There are two chief problems with using historical data. The first is obvious: past returns are not guaranteed of future returns. The second is less obvious: we don't actually have that much historical data. The oldest dataset I could find was compiled by Shiller Shiller (of Case-Shiller fame) and it only tracks two things: the SP500 and treasury bond interest rates and goes back to 1871. 149 years might seem like a lot, but we're interested in 40 year investment horizons, and 149 years only contains 3.7 independent 40-year periods. For this reason, we'll have to be more "creative" with our analysis.

An interesting thing to note here is that if 1-day returns are independent, then expected value and covariance both grow perfectly proportionally over time, which means the utility function we gave above is time-invariant.

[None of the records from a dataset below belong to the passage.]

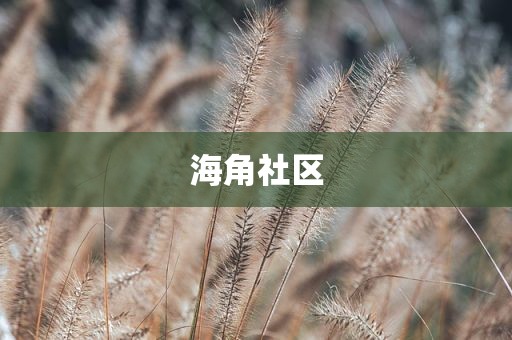 海角社区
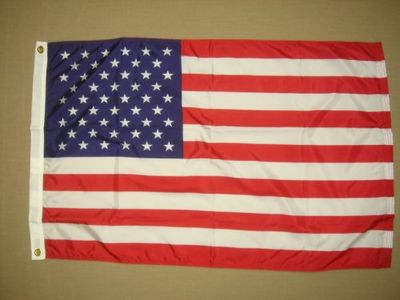 Annin Flagmakers Modelo 2500 American 16x24 pulgadas. Nylon, 100% fabricado en Estados Unidos con ojales de latón. Bandera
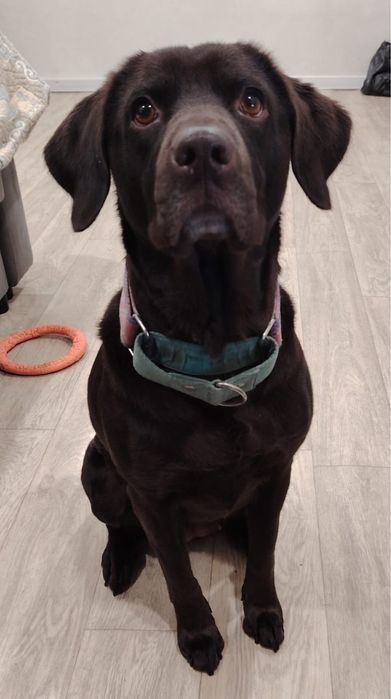 Отдам в добрые руки Лабрадора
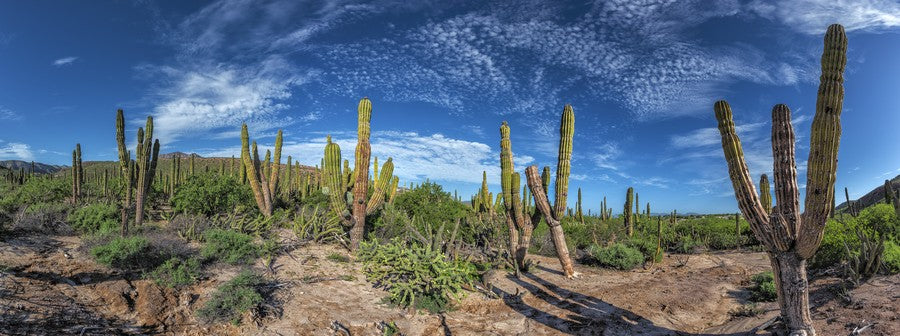 Beautiful Baja Cactus Field terrarium background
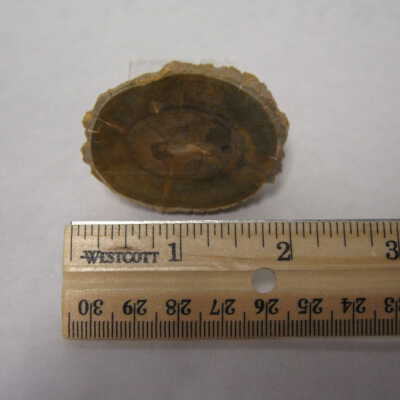 Acaucaria Branch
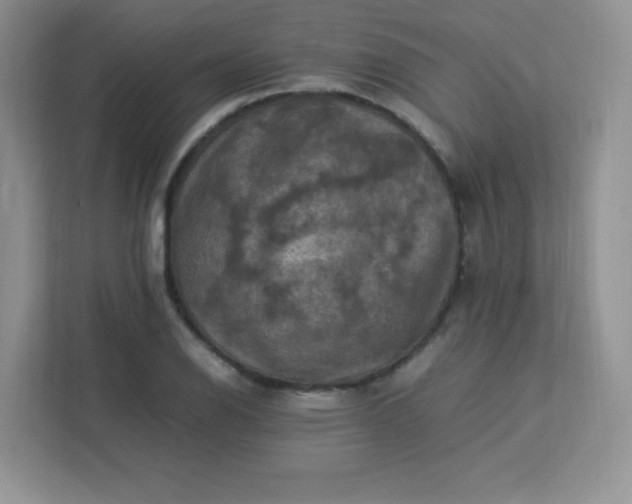 X0000113311126200909281119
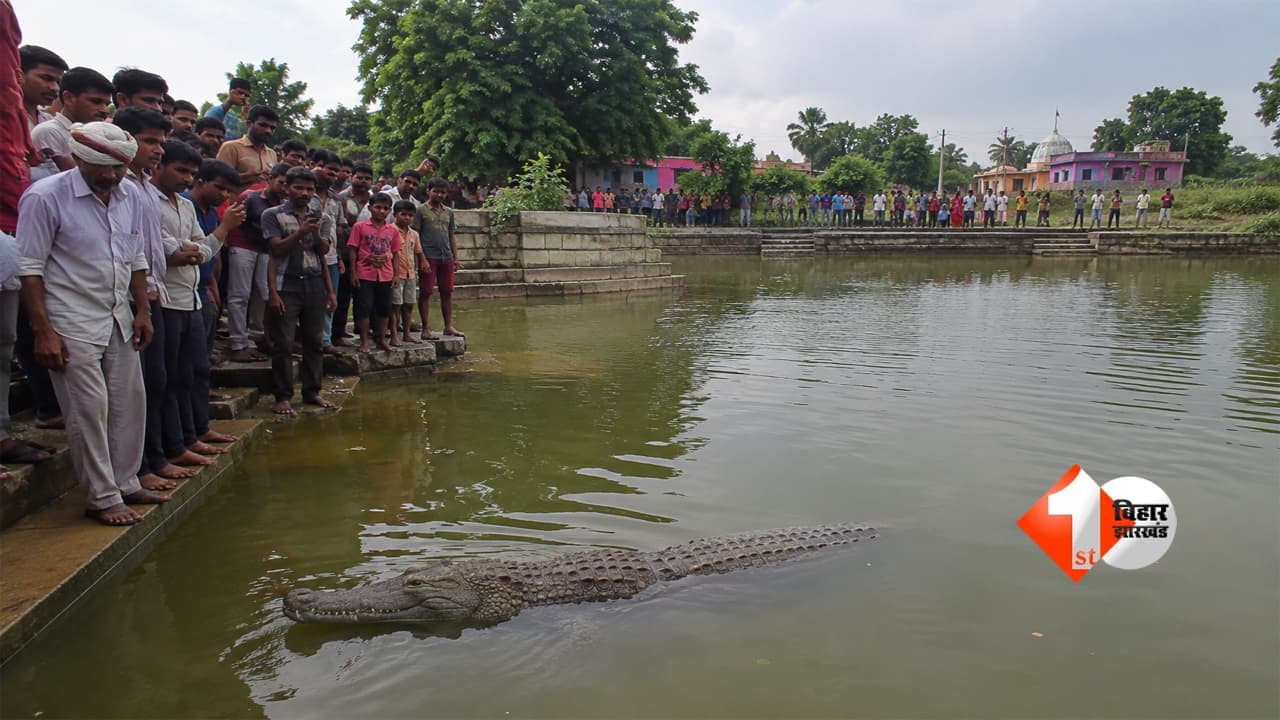 Bihar News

This means, we could use the daily expected-value and daily covariance to estimate so we can use the expected value and variance of daily returns or 10-year returns.

If, conversely, daily returns are not independent but (say) monthly returns are, we can use monthly returns instead.

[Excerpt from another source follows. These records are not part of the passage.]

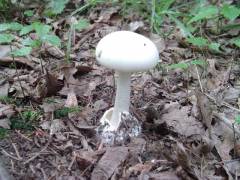 Amanita phalloides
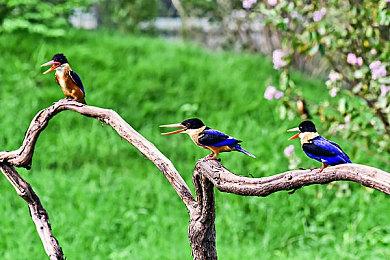 黑曜石正运用虚幻5开发新作 或为《天外世界2》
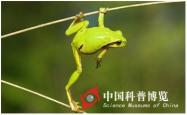 青蛙与蚊子，自然界中的微妙平衡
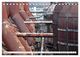 Thumbnail-10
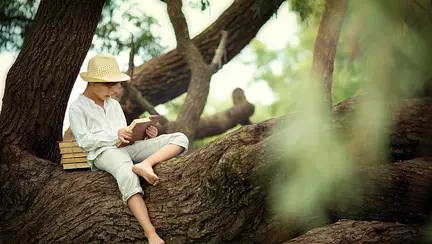 Ivan Turbincă - Cele mai cunoscute povești de Ion Creangă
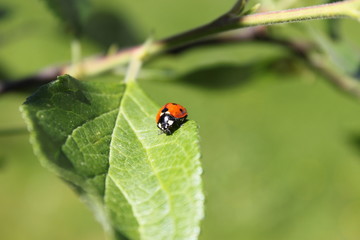 Ladybug closeup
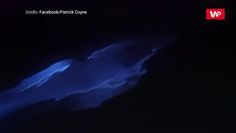 Świecące delfiny. Wideo z Kalifornii zapiera dech w piersiach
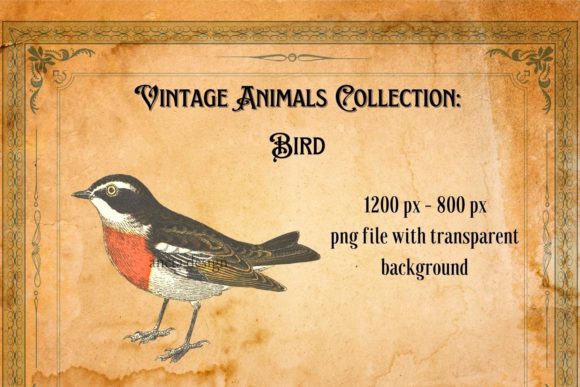 Download Vintage Bird Illustration - Illustration Collection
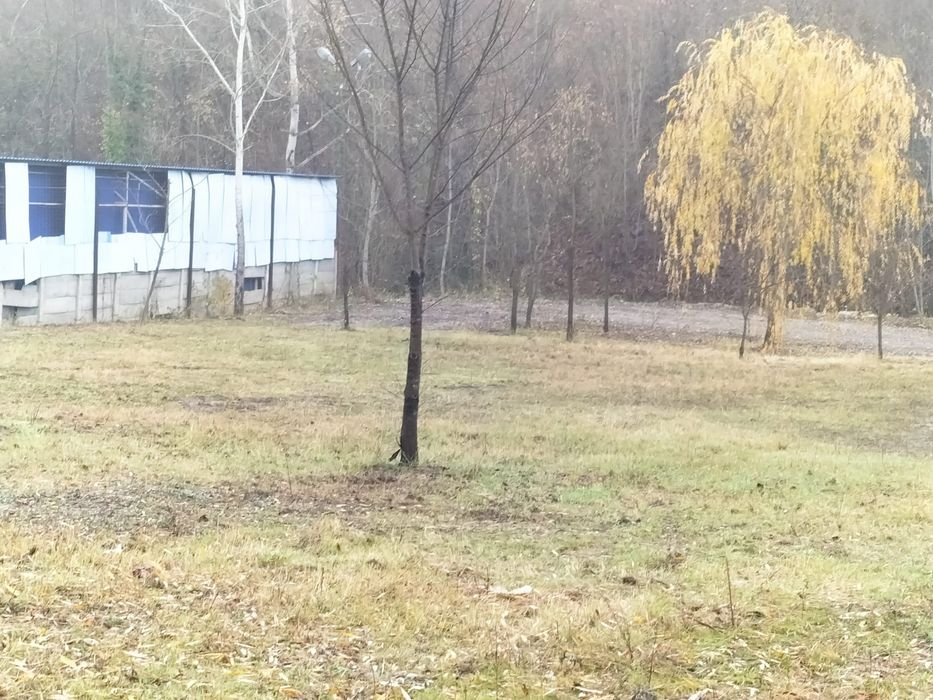 Teren de inchiriere eventual vanzare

For methodological reasons, the Shiller dataset is really only accurate for annual return analysis, so we'll have to turn to a different dataset. I obtained daily SP 500 total return data from Yahoo Finance S&P 500 (TR) (^SP500TR). Unfortunately, inflation is only estimated monthly rather than daily, so I ignored it for this analysis.

I computed the first four movements (mean, variance, skew, kurtosis) for returns every 1, 2, 3, 4, 5, 10, 20, 40, and 63 days. An important point to note is that I'm referring to trading days rather than normal days. For this reason, the 20-days and 63-days are very close to monthly and quarterly returns.

Naturally, the mean return grew linearly with the timespan (as is mathematically required) but I found a statistically significant reduction in variance as the time period increased relative to what independence would predict. This trend was mostly caused by shrinkage between 1-day and 3-days, but the sign persisted throughout the data with the exception of the step between 40 and 60 days.

I also found that skew changed monotonically from -0.44 for 1-day returns to -1.23 for 40-day returns and kurtosis generally decreased from 14.6 to 6.1.

Together, this makes using daily or weekly returns to bootstrap to long-term return dubious at best. Though, statistically insignificant, the same trends persisted through the 20- and 40-day returns, which makes even monthly returns suspect.

By the time we look at the difference between 40- and 63-day returns, the variance trend reverse, but not the skew or kurtosis trends. It's hard to know for sure, but since we know variance is far more important than kurtosis in determining asset optimality, it look like treating quarterly returns as independent is plausibly okay for long-run analysis.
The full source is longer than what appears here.